Jumper settings and binary – Highest number with a 3-position jumper block Assuming a three-position jumper block represents three binary bits (each position can be 0 or 1), what is the highest binary number that can be set?

Introduction / Context:
Hardware options such as drive IDs or feature enables are often configured using jumper blocks. Each jumper position can represent a binary bit, and understanding the numeric range prevents misconfiguration.

Given Data / Assumptions:

• Three independent jumper positions acting like three bits.
• Each bit can be 0 (open) or 1 (jumpered/closed) according to the device's convention.
• No tri-state or resistor ladder—simple binary on/off.

Concept / Approach:

With three bits, the count of unique values is 2^3 = 8, ranging from 000 to 111 in binary. The highest value is 111, which equals 7 in decimal (and 7 in hex). None of the offered numeric choices (4, 6, F, 1) equals 7, so the correct selection must be “None of the above.”

Step-by-Step Solution:

Verification / Alternative check:

List all combinations: 000(0), 001(1), 010(2), 011(3), 100(4), 101(5), 110(6), 111(7).
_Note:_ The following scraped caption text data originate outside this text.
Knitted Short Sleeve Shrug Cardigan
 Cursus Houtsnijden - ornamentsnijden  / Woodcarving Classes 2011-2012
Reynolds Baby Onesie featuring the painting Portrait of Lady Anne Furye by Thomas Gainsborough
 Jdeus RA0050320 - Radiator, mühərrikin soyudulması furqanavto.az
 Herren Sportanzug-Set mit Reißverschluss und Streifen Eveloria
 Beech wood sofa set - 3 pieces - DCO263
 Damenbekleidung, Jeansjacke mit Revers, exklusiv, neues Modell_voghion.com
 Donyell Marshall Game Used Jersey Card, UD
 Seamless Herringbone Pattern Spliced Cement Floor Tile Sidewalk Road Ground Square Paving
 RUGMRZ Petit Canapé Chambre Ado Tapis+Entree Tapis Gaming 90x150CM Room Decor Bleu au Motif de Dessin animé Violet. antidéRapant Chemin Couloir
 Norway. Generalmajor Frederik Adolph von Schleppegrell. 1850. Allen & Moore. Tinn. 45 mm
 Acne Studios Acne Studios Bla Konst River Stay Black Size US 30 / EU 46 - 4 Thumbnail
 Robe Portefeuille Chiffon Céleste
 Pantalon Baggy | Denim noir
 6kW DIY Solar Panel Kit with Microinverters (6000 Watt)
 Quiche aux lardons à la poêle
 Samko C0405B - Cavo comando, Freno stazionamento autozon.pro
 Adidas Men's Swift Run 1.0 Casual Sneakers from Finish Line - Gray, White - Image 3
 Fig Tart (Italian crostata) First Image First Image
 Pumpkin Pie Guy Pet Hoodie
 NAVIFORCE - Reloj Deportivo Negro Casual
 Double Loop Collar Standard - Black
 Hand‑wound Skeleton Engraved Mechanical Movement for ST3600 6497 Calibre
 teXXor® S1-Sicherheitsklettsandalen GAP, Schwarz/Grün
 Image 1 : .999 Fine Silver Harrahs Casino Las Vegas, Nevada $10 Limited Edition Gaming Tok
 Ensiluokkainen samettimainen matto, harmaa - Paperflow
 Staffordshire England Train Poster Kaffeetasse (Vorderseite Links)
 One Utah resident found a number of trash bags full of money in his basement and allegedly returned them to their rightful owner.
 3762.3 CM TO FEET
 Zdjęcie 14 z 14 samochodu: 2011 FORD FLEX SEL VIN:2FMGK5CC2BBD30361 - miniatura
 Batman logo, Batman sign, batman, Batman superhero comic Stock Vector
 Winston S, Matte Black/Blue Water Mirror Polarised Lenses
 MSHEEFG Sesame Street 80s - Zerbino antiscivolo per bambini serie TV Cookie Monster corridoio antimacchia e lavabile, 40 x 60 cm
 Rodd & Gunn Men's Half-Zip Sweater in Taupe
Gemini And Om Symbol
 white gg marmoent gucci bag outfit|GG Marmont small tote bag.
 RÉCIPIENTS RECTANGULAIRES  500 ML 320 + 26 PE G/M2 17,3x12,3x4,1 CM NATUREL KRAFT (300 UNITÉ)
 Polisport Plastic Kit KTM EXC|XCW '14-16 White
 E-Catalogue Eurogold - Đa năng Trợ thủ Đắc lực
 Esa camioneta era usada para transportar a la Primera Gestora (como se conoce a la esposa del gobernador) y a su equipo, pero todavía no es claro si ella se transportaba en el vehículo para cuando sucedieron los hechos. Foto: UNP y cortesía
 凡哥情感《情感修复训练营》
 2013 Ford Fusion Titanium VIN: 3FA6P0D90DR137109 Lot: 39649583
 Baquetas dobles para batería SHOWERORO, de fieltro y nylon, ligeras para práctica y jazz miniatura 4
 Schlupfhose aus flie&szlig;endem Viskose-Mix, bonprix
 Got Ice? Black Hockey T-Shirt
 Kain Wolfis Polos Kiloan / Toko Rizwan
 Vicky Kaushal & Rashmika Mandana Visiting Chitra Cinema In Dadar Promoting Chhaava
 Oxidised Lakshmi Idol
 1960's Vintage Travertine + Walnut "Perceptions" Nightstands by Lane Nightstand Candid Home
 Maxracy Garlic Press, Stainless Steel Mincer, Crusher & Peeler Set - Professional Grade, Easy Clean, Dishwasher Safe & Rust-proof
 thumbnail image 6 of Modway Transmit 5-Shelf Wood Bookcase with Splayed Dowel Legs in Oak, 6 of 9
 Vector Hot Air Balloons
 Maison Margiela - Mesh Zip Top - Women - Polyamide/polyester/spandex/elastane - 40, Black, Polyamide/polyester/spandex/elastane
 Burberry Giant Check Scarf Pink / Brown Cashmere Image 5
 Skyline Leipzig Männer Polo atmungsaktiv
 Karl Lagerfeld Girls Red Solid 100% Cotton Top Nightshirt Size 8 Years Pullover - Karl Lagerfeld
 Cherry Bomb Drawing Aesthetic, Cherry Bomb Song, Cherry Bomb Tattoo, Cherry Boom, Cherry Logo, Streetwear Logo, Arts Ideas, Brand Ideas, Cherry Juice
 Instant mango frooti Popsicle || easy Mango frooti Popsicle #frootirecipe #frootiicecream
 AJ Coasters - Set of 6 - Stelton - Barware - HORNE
The largest is 7, confirming the conclusion.

Why Other Options Are Wrong:

4 and 6 are valid states but not the maximum; 1 is far below maximum; F corresponds to 1111 (four bits) and is impossible with only three jumpers.

Common Pitfalls:

Assuming hexadecimal naming without enough bits; confusing “three-position jumper block” with a 3-pin single jumper that selects among two states (that scenario uses one bit, not three independent bits).

Final Answer:

None of the above.